# Analysis of Hacker News Posts

[Hacker News](https://news.ycombinator.com/) is a site started by the startup incubator Y Combinator, where user-submitted stories (known as "posts") are voted and commented upon, similar to reddit. Hacker News is extremely popular in technology and startup circles, and posts that make it to the top of Hacker News' listings can get hundreds of thousands of visitors as a result.

The full dataset, from which a sample is used for this project, can found on this [link](https://www.kaggle.com/hacker-news/hacker-news-posts). The dataset used has been reduced from almost 300,000 rows to approximately 20,000 rows by removing all submissions that did not receive any comments, and then randomly sampling from the remaining submissions.

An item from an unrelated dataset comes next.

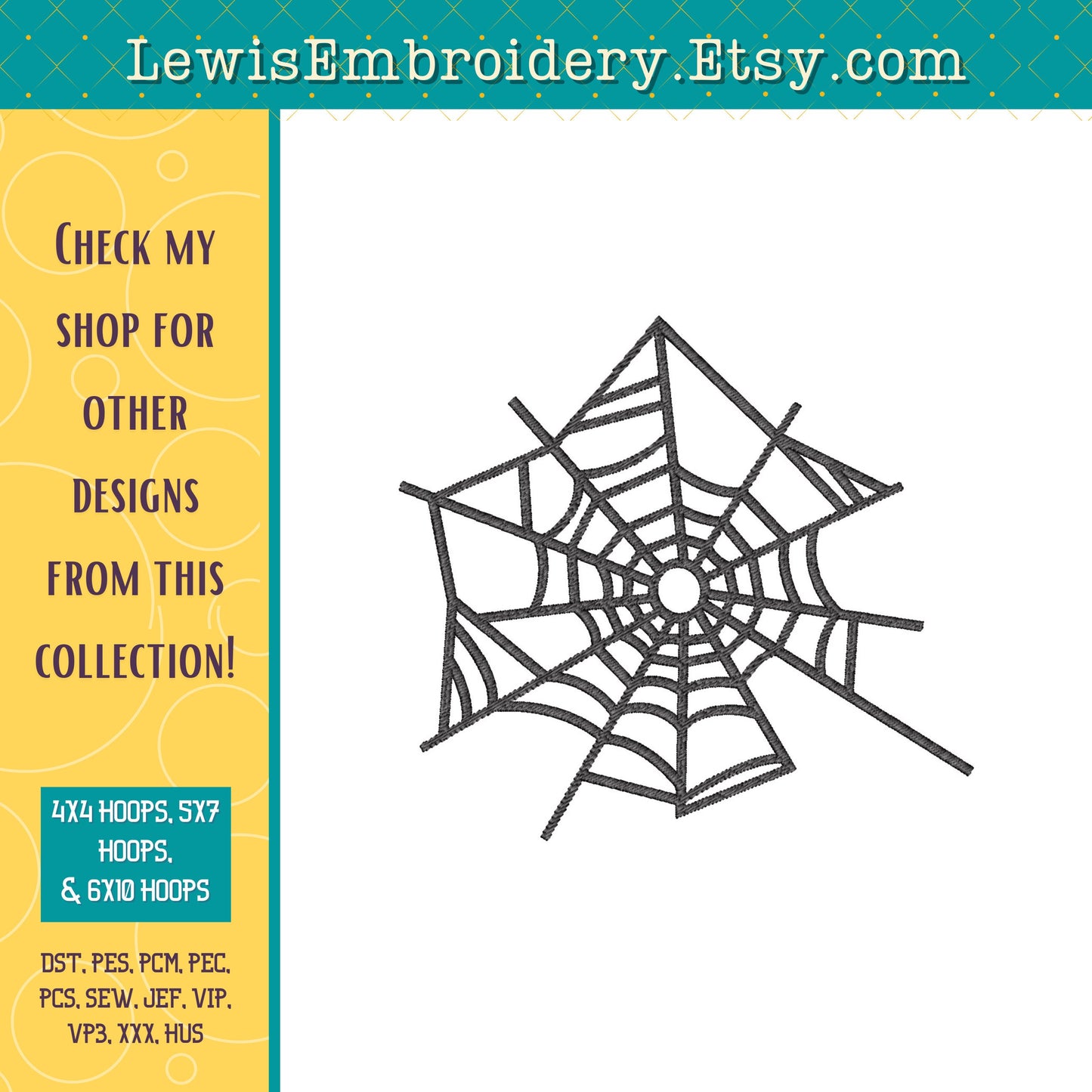 Spooky Spider Web, Machine Embroidery Design – (Digital Download)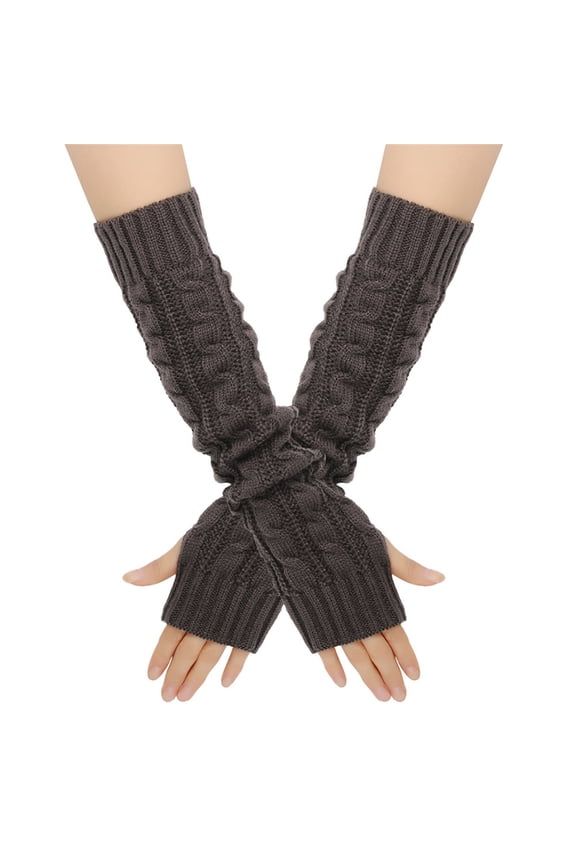 Fingerless Gloves, Arm Warmers Wool Thickened Warm Long Gloves 8 Character Sleeves Autumn and Winter Fingerless Sleeves Knitted Arm Sleeves, Dark Grey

Below are descriptions of the columns:

- id: The unique identifier from Hacker News for the post
- title: The title of the post
- url: The URL that the posts links to, if the post has a URL
- num_points: The number of points the post acquired, calculated as the total number of upvotes minus the total number of downvotes
- num_comments: The number of comments that were made on the post
- author: The username of the person who submitted the post
- created_at: The date and time at which the post was submitted

This project compares posts on Hacker News (HN) platform specifically Ask HN posts (users ask the HN community a question) and Show HN posts (users show the HN community a project, product, or generally something interesting).

The objective is to discover:

- Type of HN posts (ask or show) that recieve more comments
- The time of day at which posts are created and how this relates to the number of comments recieved

# Introduction
First we read the dataset and extract the header

In [1]:
# Read in the data.
from csv import reader

### Opening the Hacker News data set ###
opened_file = open('hacker_news.csv', encoding='utf8')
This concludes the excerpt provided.